What to work on: Please give a word-for-word repeat of the line containing "マスプロ電工 UHFテレビレコーダーブースター 30dB型" and all lines that come after it in the entries below, ending at the last line.

#### Provided material ####

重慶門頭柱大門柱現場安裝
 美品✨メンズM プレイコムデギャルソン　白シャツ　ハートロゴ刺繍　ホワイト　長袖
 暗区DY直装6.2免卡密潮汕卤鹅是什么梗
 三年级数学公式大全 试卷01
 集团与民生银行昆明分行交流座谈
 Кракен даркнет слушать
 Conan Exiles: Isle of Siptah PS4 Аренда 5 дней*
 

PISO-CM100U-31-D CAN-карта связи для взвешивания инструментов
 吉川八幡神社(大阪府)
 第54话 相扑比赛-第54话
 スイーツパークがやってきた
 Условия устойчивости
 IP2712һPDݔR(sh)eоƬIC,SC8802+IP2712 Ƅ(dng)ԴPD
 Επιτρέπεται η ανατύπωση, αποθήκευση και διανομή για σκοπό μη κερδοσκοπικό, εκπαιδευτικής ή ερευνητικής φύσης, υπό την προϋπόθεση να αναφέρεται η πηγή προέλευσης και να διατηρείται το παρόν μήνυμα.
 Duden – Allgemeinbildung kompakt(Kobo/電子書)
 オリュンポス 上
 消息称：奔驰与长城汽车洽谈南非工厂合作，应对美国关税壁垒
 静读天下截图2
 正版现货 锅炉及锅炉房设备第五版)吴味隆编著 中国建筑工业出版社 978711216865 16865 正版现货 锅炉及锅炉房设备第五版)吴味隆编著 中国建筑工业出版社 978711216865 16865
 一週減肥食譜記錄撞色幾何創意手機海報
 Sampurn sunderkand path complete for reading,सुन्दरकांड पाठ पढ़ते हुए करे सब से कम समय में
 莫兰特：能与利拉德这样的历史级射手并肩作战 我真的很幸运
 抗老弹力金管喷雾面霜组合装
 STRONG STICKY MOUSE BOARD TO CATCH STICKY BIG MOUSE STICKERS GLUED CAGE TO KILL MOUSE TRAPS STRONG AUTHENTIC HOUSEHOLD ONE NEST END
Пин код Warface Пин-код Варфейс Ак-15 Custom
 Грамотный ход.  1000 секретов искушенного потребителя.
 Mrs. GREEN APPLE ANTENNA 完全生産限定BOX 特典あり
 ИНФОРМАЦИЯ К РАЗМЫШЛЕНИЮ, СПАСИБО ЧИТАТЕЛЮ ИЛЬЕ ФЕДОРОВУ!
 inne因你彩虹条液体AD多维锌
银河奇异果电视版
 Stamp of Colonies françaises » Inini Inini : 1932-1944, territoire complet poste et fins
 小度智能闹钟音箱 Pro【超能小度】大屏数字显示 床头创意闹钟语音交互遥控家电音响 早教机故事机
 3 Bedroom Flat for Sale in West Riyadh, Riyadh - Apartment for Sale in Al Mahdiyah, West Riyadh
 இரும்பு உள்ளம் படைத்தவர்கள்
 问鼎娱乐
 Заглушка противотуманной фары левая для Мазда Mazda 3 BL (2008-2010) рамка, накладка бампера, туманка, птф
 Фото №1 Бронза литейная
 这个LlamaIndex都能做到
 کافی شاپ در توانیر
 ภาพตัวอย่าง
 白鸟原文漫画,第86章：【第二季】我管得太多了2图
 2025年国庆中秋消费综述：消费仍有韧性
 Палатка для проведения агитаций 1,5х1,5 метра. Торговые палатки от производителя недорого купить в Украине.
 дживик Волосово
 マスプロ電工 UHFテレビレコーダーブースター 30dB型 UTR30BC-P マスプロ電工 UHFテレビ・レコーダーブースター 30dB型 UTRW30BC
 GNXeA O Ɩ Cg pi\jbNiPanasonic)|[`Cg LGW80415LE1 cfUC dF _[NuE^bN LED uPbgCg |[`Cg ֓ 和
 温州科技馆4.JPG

####

Response below:
 マスプロ電工 UHFテレビレコーダーブースター 30dB型 UTR30BC-P マスプロ電工 UHFテレビ・レコーダーブースター 30dB型 UTRW30BC
 GNXeA O Ɩ Cg pi\jbNiPanasonic)|[`Cg LGW80415LE1 cfUC dF _[NuE^bN LED uPbgCg |[`Cg ֓ 和
 温州科技馆4.JPG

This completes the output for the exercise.